Le conte est bon (Bacri+Jaoui)

Publié le par Charlie SaintLaz

On ne ment pas aux enfants.

Grimm, Andersen, Perrault et autres parents désireux d'appuyer leurs méthodes éducatives sur les histoires arrivées aux autres enfants - sages ou pas sages - qui peuplent les contes immémoriaux parents, vous ne seriez pas acceptés dans les rangs de l'intelligentsia traditionnaliste proclamée républicaine qui tente de freiner la loi Taubira sur le mariage pour tous : vous avez éhontément menti aux enfants.

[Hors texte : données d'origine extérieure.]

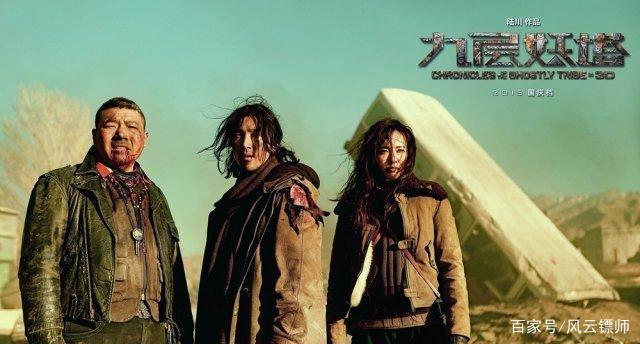 云南虫谷为什么找不到了,云南虫谷最新照片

C'est que vous nous avez enseigné l'amour éternel, les princes charmants et les princesses langoureuses, l'entraide, la camaraderie, l'espoir et le rejet du mal. Dans la vraie vie, ces valeurs s'appliquent en théorie, mais pas vraiment en pratique : à quand un conte qui t'apprendra l'individualisme, la compétition permanente et les affres de l'administration ? Toi même tu sais. Ce serait bien plus utile.

au-bout-du-conte.jpgToutefois, reconnaissons-le, ces histoires de contes ont quelque chose de réel. Des bimbos qui s'exclament "Je vis un conte de fées !" dans les reality shows américains aux moments de félicité qui parsèment le quotidien, on se raccroche parfois aux idéaux de ces histoires pour enfants, comme un référentiel commun. Qui à l'adapter un peu à la réalité, façon Hansel and Gretel : witch hunters. Cette idée ne traverse pas que les adaptations US (ou espagnoles, cf  Blancanieves), elle se ressent aussi dans l'écriture du cinéma français : le meilleur exemple en est le dernier Jaoui+Bacri, Au bout du conte.

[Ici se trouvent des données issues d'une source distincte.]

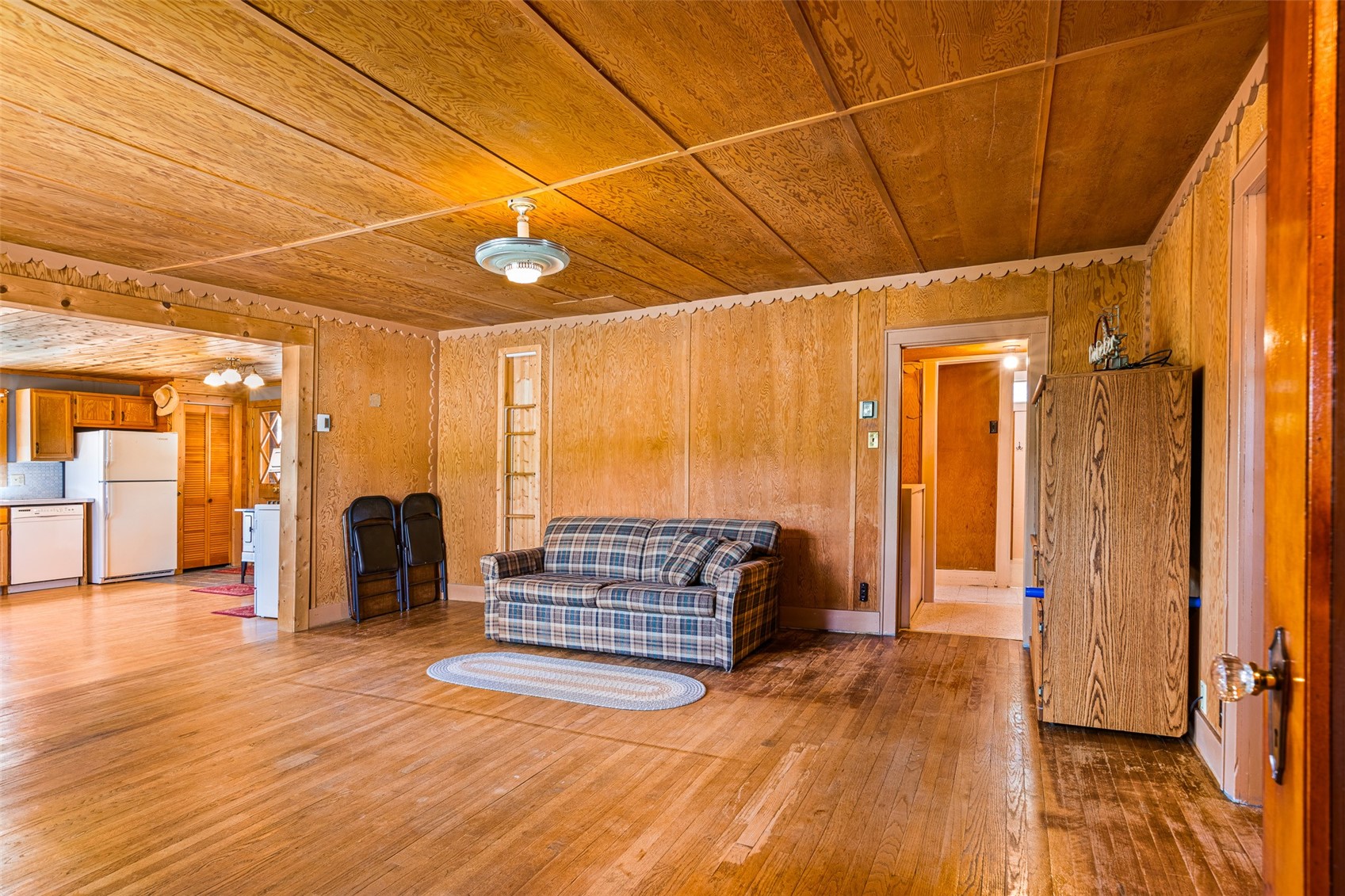 135 S Main Street Alma CO 80420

L'idée est là : comment le quotidien suit-il la structure narrative du conte de fées tout en étant ponctué de références qui nous le font rejeter (par anticonformisme ou par préscience des conséquences) ? Le synopsis est simple : nous suivons les péripéties, liées et séparées, de Laura (Agathe Bonitzer), jeune fille prometteuse à la recherche du prince charmant, de Marianne (Agnès Jaoui), tante de Laura, qui cherche à améliorer la vie des gens en luttant contre son inertie, de Sandro (Arthur Dupont), jeune compositeur talentueux et fauché, qui va croiser la route de Laura, et de Pierre (Jean-Pierre Bacri), père de Sandro enfermé dans son cynisme misanthrope et soudain frappé par la peur de sa mort annoncée. Tout y est : le prince charmant, la prophétie, la bonne fée, la conquête de la glorieuse destinée. Ils croisent des personnages secondaires qui incarnent, furtivement, des archétypes de contes de fées : le voisin ténébreux, archétype du loup (Benjamin Biolay), la mère froide investie dans son apparence, façon marâtre (Béatrice Rosen), la fille de Marianne, façon enfant perdu, la copine moins jolie, façon vilain petit canard (Nina Meurisse), une voyante...

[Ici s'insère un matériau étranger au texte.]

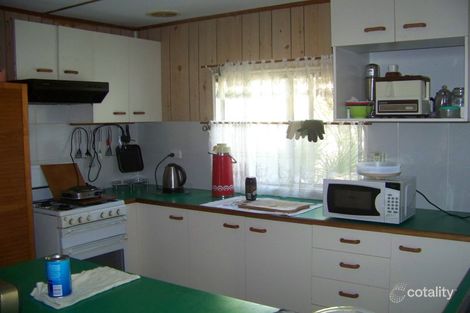 Property photo of 25 Jan Street Macleay Island QLD 4184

Le tout est saupoudré de (plus ou moins) discrètes références à des contes : la chaussures oubliée (Cendrillon), la pomme tendue par la marâtre (Blanche-Neige), le réveil par un prince (La belle au bois dormant), la fille en rouge qui croise le loup (M. Wolf, ça ne s'invente pas... - Le petit chaperon rouge), le fille de riche avec le garçon pauvre (La belle et le clochard), ... Agnès Jaoui a déclaré qu'il y avait plus d'une centaine de références. Brillant. La réalisation s'évertue à mêler vie réelle et images oniriques (à coups de fondus enchaînés, de jeux de transparence, de trucs un peu magiques), emmenant un scénario pas toujours très palpitant (parce que très quotidien) à bon train, si bien que l'on ne s'ennuie pas, sans crier au génie. Voilà un film qu'on ne regretterait pas de voir chez soi à Noël au coin du feu... volant donc la vedette aux contes de Noël faits pour l'occasion : le défi est donc relevé.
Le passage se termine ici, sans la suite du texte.